**Assignment:** Every line from the one containing "Plaatschild GPF1100.22L/R blind" to the end of the data below should be copied exactly, but pictures should not.

-*-

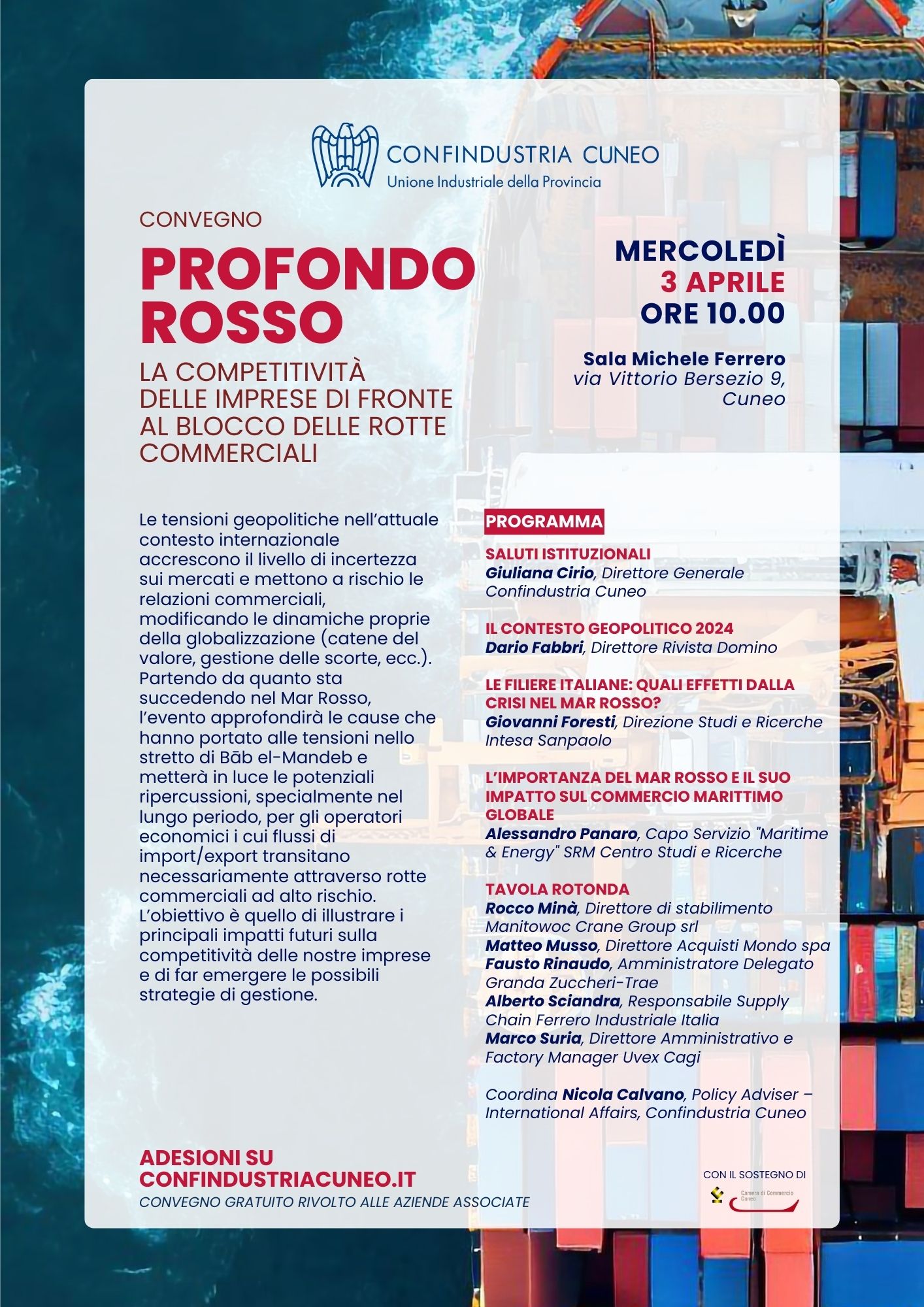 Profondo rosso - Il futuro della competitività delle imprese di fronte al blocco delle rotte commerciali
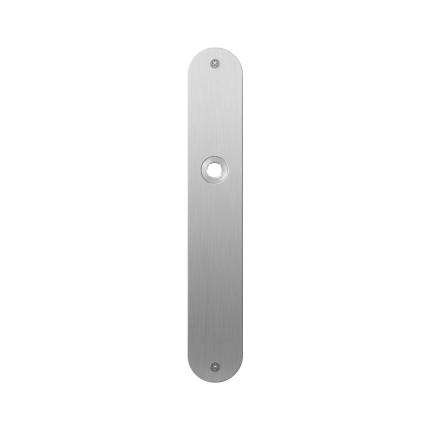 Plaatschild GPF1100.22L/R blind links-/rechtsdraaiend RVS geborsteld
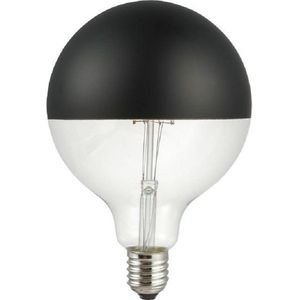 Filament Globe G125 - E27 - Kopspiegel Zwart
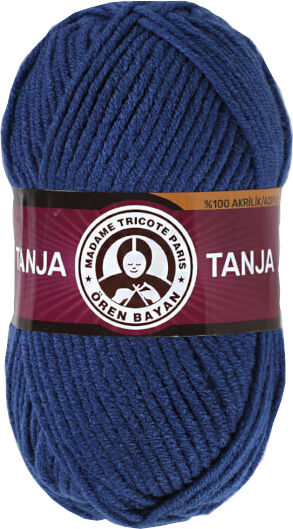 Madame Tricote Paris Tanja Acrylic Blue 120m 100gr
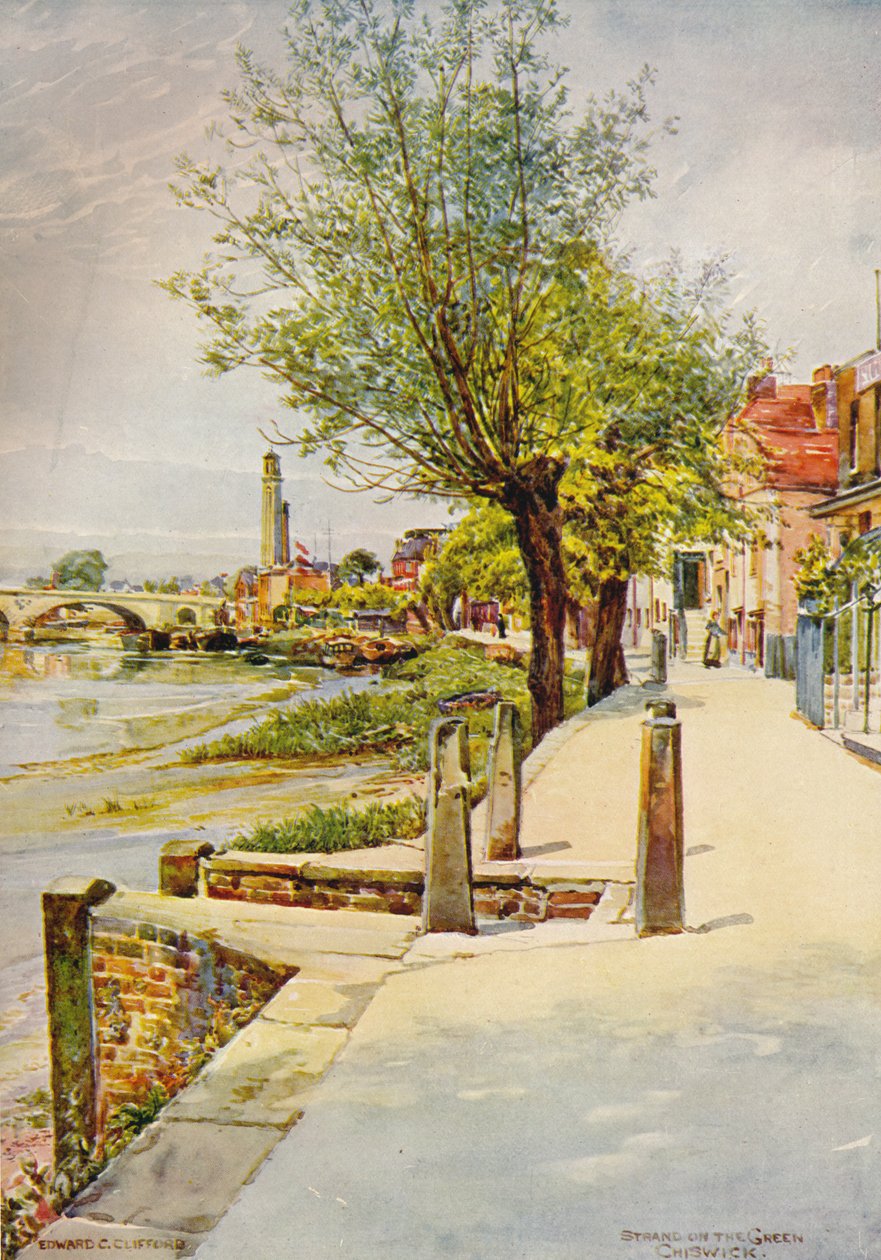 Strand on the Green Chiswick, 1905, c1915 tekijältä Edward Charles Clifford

-*-

**Solution to this task:**
 Plaatschild GPF1100.22L/R blind links-/rechtsdraaiend RVS geborsteld
 Filament Globe G125 - E27 - Kopspiegel Zwart
 Madame Tricote Paris Tanja Acrylic Blue 120m 100gr
 Strand on the Green Chiswick, 1905, c1915 tekijältä Edward Charles Clifford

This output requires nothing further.